Copy the lines verbatim, beginning with the line that contains "hampton inn by" and continuing through the end of the data, and only those lines.

Short descriptive text snippets:
--- --- ---

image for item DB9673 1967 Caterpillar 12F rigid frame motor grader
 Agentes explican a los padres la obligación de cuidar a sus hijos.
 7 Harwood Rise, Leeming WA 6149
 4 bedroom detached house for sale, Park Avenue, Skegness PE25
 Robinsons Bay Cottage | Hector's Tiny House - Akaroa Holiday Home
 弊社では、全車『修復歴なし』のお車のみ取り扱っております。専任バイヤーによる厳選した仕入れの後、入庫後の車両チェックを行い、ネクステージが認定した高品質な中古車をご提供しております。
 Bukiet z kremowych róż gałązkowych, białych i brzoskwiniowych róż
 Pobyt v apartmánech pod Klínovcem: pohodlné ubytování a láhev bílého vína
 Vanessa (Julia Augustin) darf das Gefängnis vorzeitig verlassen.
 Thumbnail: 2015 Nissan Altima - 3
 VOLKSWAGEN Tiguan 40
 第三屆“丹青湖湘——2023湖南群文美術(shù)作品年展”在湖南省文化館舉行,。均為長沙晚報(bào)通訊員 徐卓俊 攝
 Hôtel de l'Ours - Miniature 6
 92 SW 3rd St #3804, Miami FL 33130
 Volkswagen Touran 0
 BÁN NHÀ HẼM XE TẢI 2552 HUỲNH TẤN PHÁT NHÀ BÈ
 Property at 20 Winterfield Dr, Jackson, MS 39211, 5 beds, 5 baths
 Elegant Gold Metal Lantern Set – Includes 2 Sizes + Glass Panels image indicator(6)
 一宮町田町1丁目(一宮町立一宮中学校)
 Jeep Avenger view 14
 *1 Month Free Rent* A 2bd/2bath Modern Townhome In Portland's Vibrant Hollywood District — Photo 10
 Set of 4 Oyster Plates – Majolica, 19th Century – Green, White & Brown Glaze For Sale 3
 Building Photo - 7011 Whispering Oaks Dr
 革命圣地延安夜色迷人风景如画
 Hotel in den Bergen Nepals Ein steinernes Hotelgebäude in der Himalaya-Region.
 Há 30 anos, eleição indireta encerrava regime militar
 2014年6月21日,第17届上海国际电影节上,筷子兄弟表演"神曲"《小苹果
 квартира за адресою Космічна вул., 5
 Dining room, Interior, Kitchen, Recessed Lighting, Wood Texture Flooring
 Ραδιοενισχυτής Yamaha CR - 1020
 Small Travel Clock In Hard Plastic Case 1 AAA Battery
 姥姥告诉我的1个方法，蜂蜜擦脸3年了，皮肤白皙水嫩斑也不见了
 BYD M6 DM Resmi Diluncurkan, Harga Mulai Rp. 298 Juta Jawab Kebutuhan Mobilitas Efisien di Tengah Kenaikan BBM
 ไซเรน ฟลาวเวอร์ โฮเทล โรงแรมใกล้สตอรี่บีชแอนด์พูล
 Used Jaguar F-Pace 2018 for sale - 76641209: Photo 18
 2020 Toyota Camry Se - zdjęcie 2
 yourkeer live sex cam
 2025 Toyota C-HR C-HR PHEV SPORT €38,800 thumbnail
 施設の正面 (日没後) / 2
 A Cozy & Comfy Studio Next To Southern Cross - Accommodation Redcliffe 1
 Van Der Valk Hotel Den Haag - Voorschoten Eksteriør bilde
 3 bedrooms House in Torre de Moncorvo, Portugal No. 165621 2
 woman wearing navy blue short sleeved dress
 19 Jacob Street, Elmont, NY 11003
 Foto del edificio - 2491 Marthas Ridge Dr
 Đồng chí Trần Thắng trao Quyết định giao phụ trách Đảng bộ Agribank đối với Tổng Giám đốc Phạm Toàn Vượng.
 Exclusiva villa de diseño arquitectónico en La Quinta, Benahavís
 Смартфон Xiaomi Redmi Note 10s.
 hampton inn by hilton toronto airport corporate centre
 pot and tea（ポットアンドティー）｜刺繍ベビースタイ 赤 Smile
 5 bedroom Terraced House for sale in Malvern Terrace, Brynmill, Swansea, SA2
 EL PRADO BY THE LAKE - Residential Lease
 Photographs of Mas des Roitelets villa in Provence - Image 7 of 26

--- --- ---

Worked solution:
 hampton inn by hilton toronto airport corporate centre
 pot and tea（ポットアンドティー）｜刺繍ベビースタイ 赤 Smile
 5 bedroom Terraced House for sale in Malvern Terrace, Brynmill, Swansea, SA2
 EL PRADO BY THE LAKE - Residential Lease
 Photographs of Mas des Roitelets villa in Provence - Image 7 of 26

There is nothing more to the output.